--- Your instructions ---
Produce one exact copy of the records, no pictures.

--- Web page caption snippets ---

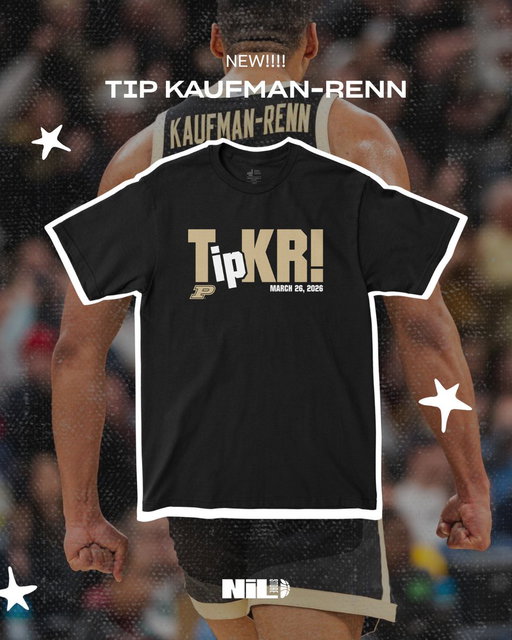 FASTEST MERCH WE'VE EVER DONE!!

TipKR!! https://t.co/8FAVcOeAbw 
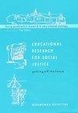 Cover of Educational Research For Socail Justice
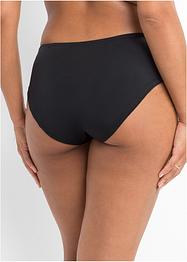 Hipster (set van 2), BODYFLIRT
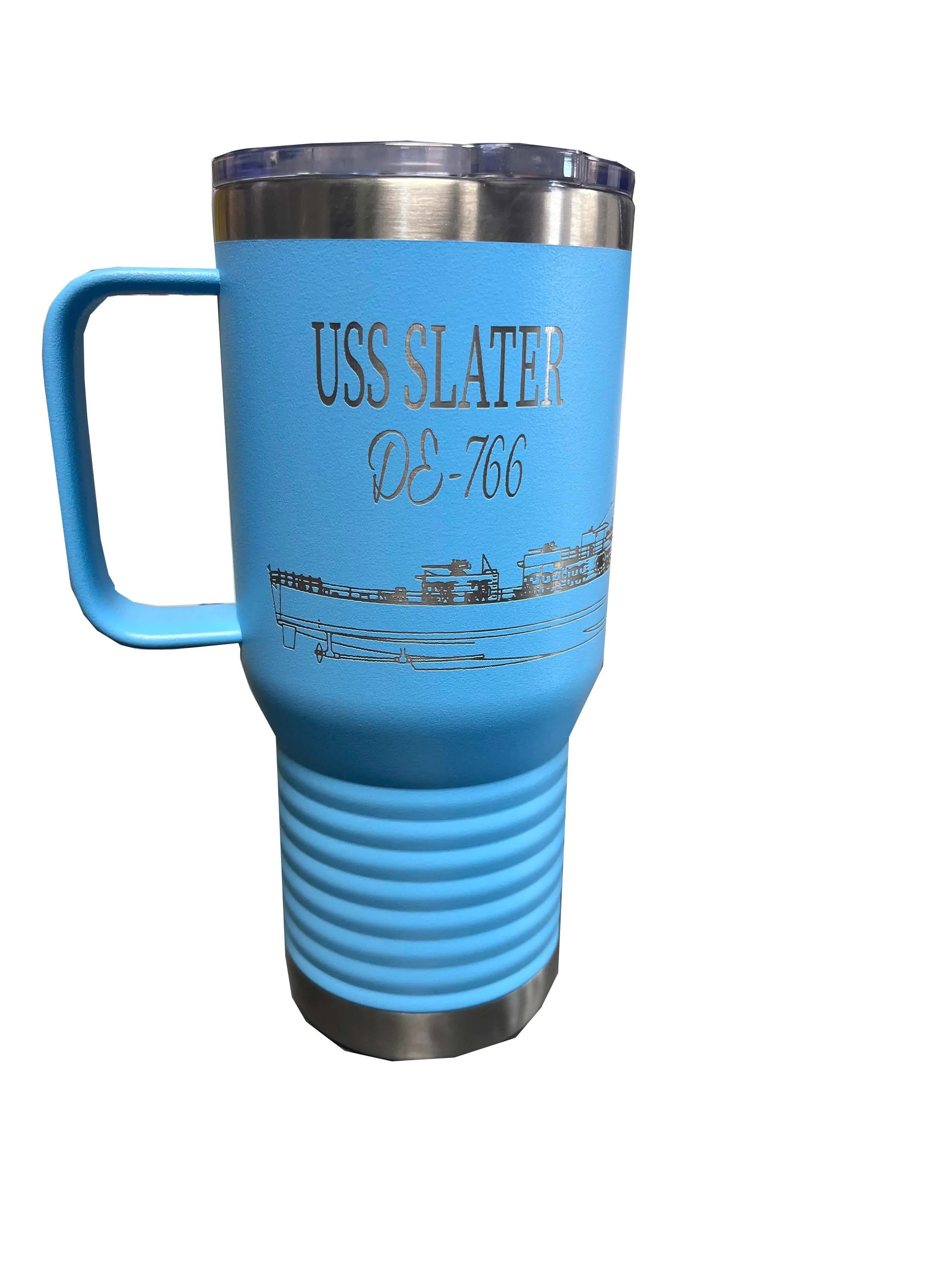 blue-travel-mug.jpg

--- Solution ---
 FASTEST MERCH WE'VE EVER DONE!!

TipKR!! https://t.co/8FAVcOeAbw 
 Cover of Educational Research For Socail Justice
 Hipster (set van 2), BODYFLIRT
 blue-travel-mug.jpg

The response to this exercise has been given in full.